IV. Concluding Remarks

For reasons ranging from calibration errors, small-sample biases, and—most importantly—strong reliance on specific exchange rate models, previous research on exchange rates has failed to provide reliable evidence of the ability of popular exchange rate models to match exchange rate volatilities observed over the post-Bretton Woods period. This paper has tried to partially address this gap by presenting volatility tests of the textbook asset-pricing model of the exchange rate that improve on previous tests in a number of ways. Most importantly, they do so by requiring a minimal set of assumptions on the intertemporal behavior of exchange rates and by allowing for a wide definition of their fundamental determinants, the observability of which is not required for the implementation of the tests. We applied these tests to data from the three major exchange rates and found broad evidence of excessive volatility with respect to the predictions of the canonical asset-pricing model of the exchange rate in an efficient market.

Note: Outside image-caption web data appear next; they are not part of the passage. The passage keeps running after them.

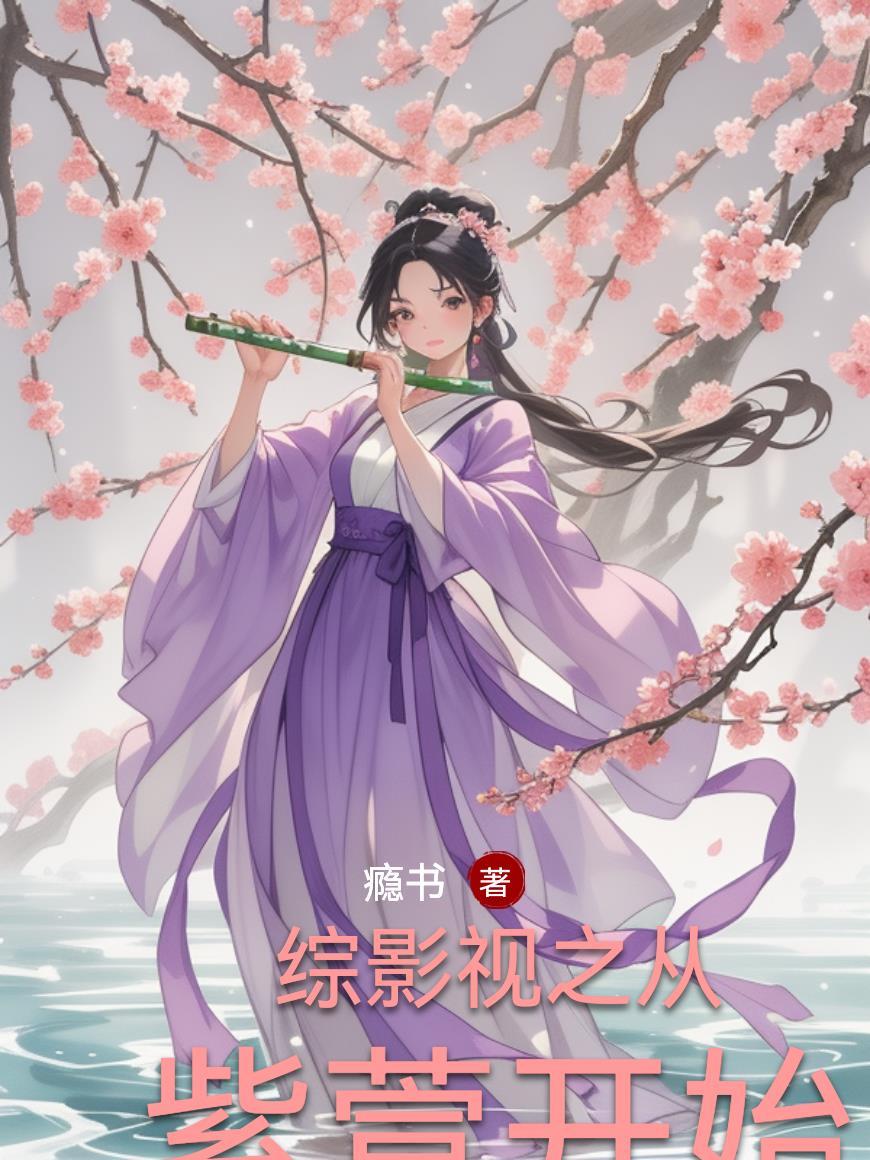 神豪觉醒:从被分手到顶级大佬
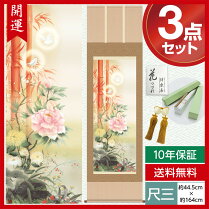 尺三/開運画掛軸/吉祥百花繚乱図/片山観雪/暁山会/掛軸幅:44.5cm×高さ:約164cm/洛彩緞子本表装/化粧箱収納/表装品質10年間保証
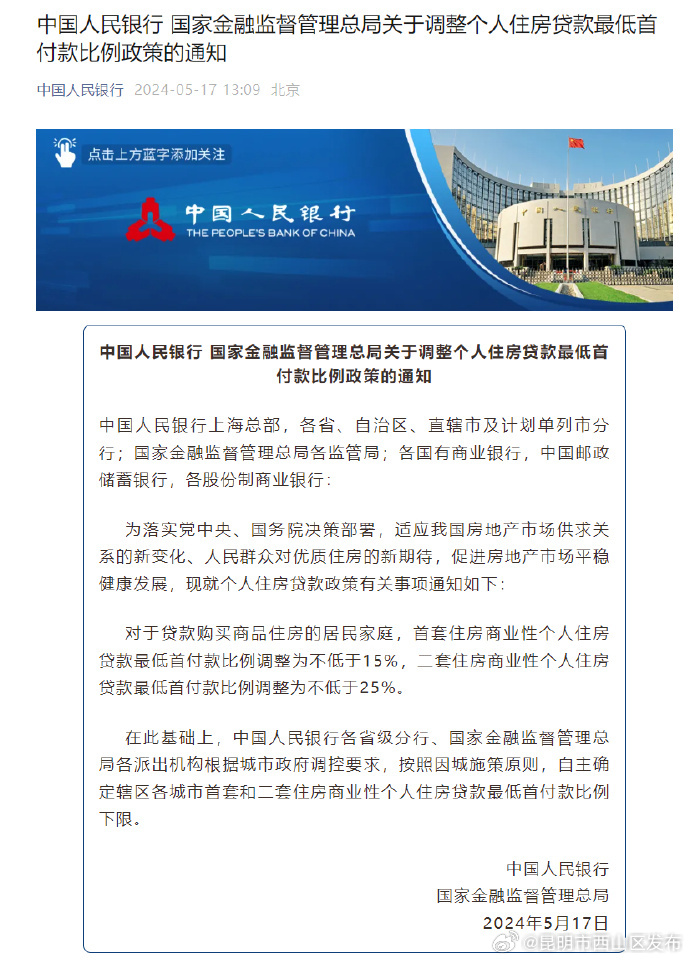 两部门：首套房商贷最低首付比例不低于15%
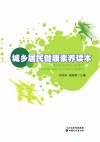 城乡居民健康素养读本封面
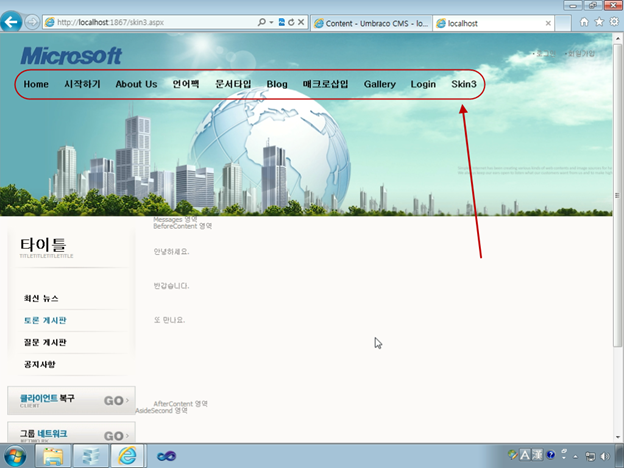 062611_1523_29HTML5.png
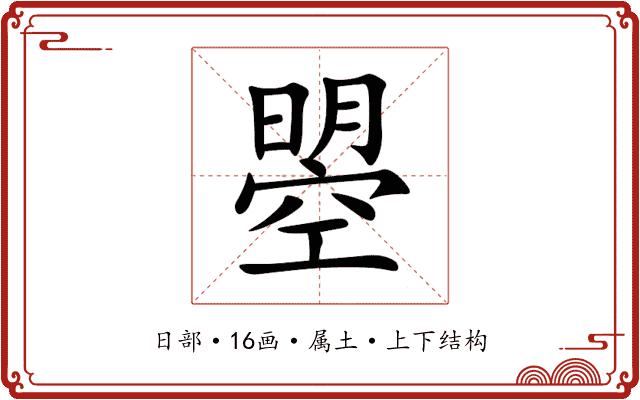 曌 曌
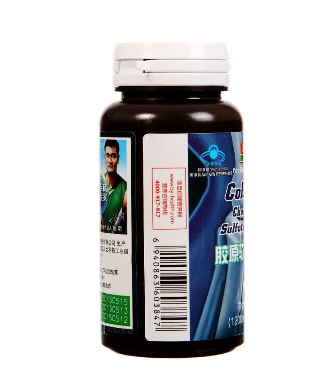 湯臣倍健軟骨素鈣片怎么樣？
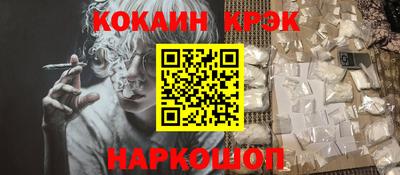 прущие крисы Пенза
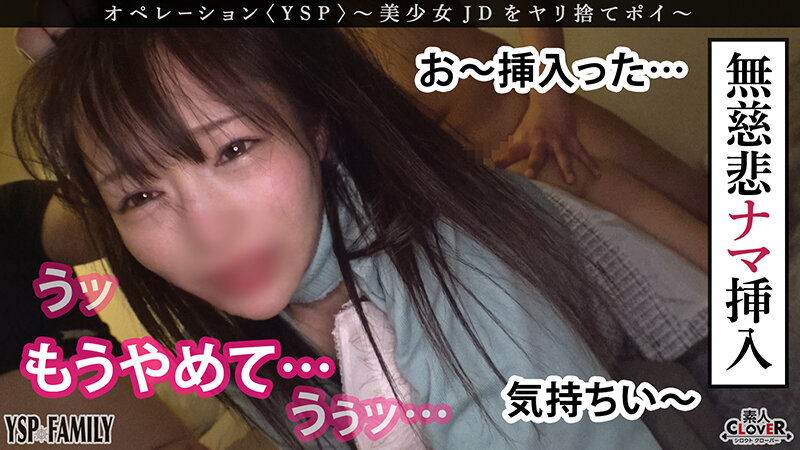 《YSPされた女【えりか/20歳/大学生】》配送先で出会った女子大生を○したい配達員がヤリ捨てポイ×FAMILY（通称YSP）に依頼→配達と偽って女性宅に乗り込み男2人でイラマ、中出し、顔射のヤりたい放題4射精【YSP×FAMILY♯TARGET-001】 - サンプル画像 - 12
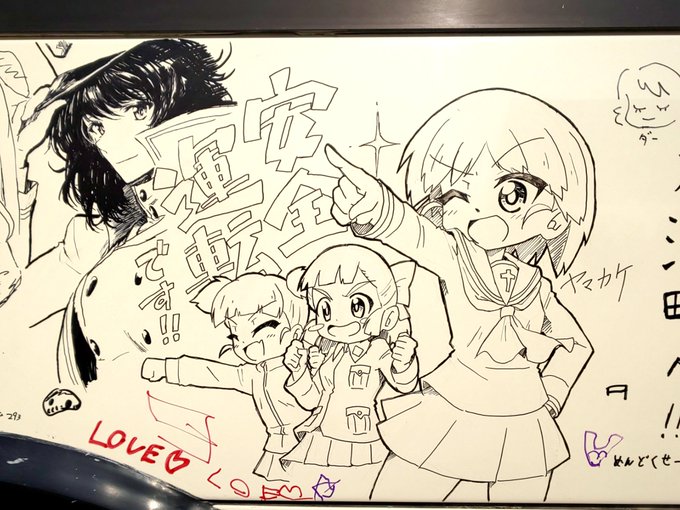 らくがきバスですが、私の絵の隣にさわみんさんが美麗安藤を描いていらしたので最終的に安藤を目指すちびっ子操縦者たちっぽい感じになりました!
合作(?)です!! 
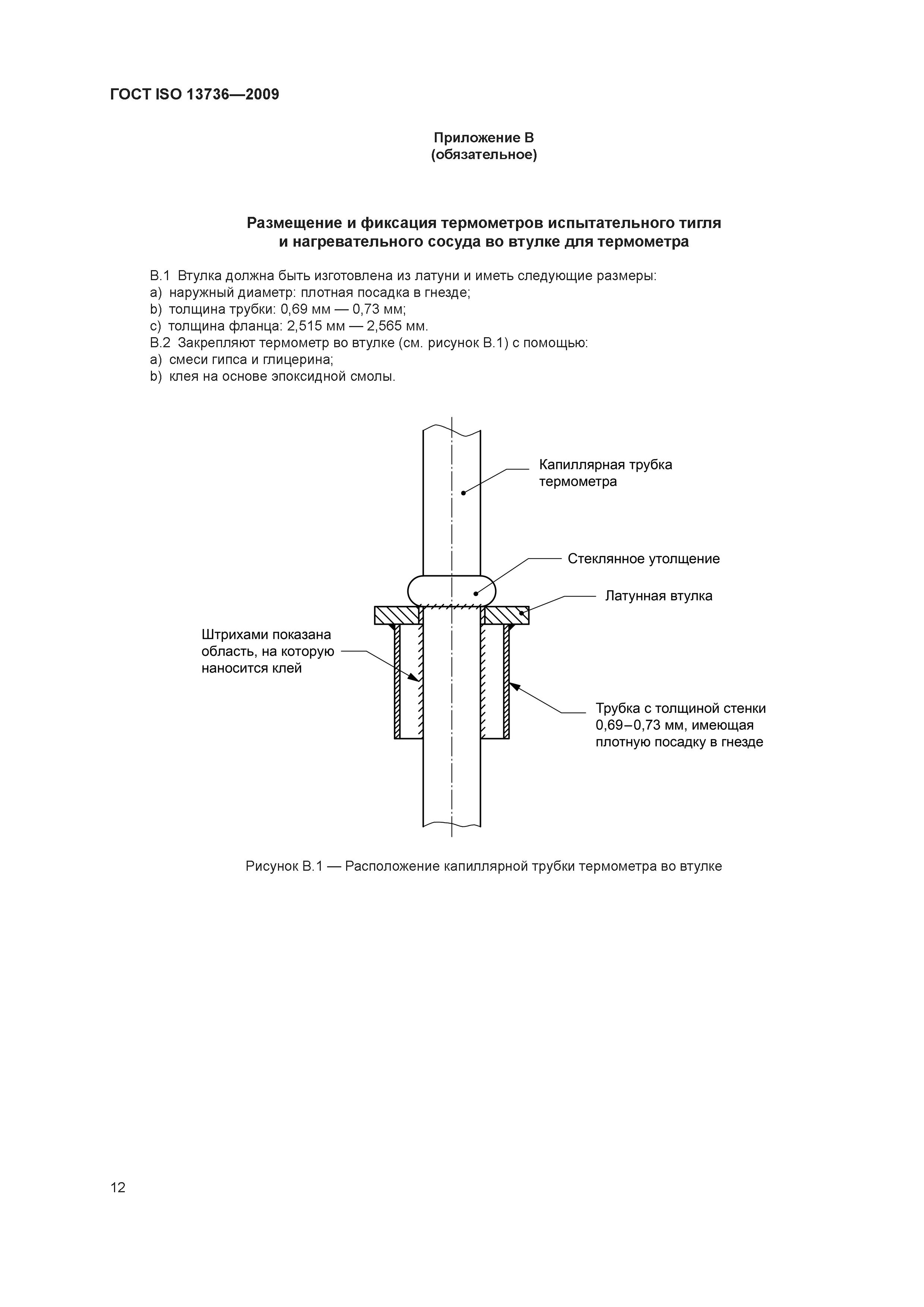 ГОСТ ISO 13736-2009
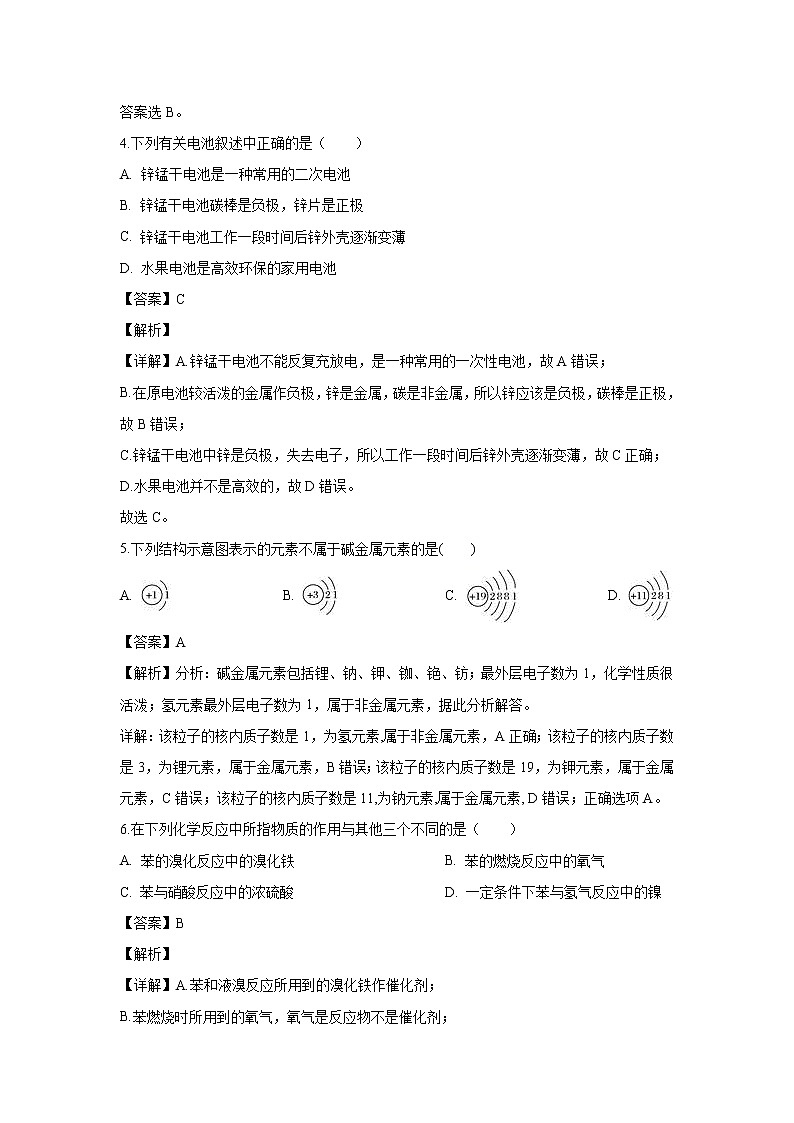 【化学】云南省玉溪市元江民族中学2018-2019学年高一5月月考试卷（解析版）03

What do we make of this evidence? Although our approach to testing for excess volatility still involves a joint test of market efficiency and of a specific, if rather general, exchange rate model, it represents a considerable step forward with respect to previous research, given its reliance on a considerably smaller set of assumptions than previous studies. Weeding our list of (two) suspects further is, at this stage, essentially a matter of personal judgement. (We admit leaning towards the view that the problem is not so much that exchange rates are “too volatile,” but rather that the canonical asset-pricing model of the exchange rate is unable to generate enough volatility.) Yet, our results may be useful in clarifying the agenda for future research on exchange rates. In reviewing empirical research on exchange rates conducted in recent years, for instance, Frankel and Rose (1995) note the sorry record of simple exchange rate models based on observable macroeconomic determinants (see also Flood and Taylor, 1996, for a similar assessment), and also note two promising lines of research: one line aimed at incorporating speculative bubbles into exchange rate models; and another line aimed at providing a detailed analysis of currency markets’; micro-structure. Our analysis points to shortcomings of the simple asset-pricing view of the exchange rate even when unobservable fundamentals and speculative bubbles are accounted for. Thus, it suggests that if either lifeboat pointed by Frankel and Rose can rescue structural exchange rates models, it is unlikely to be the first one.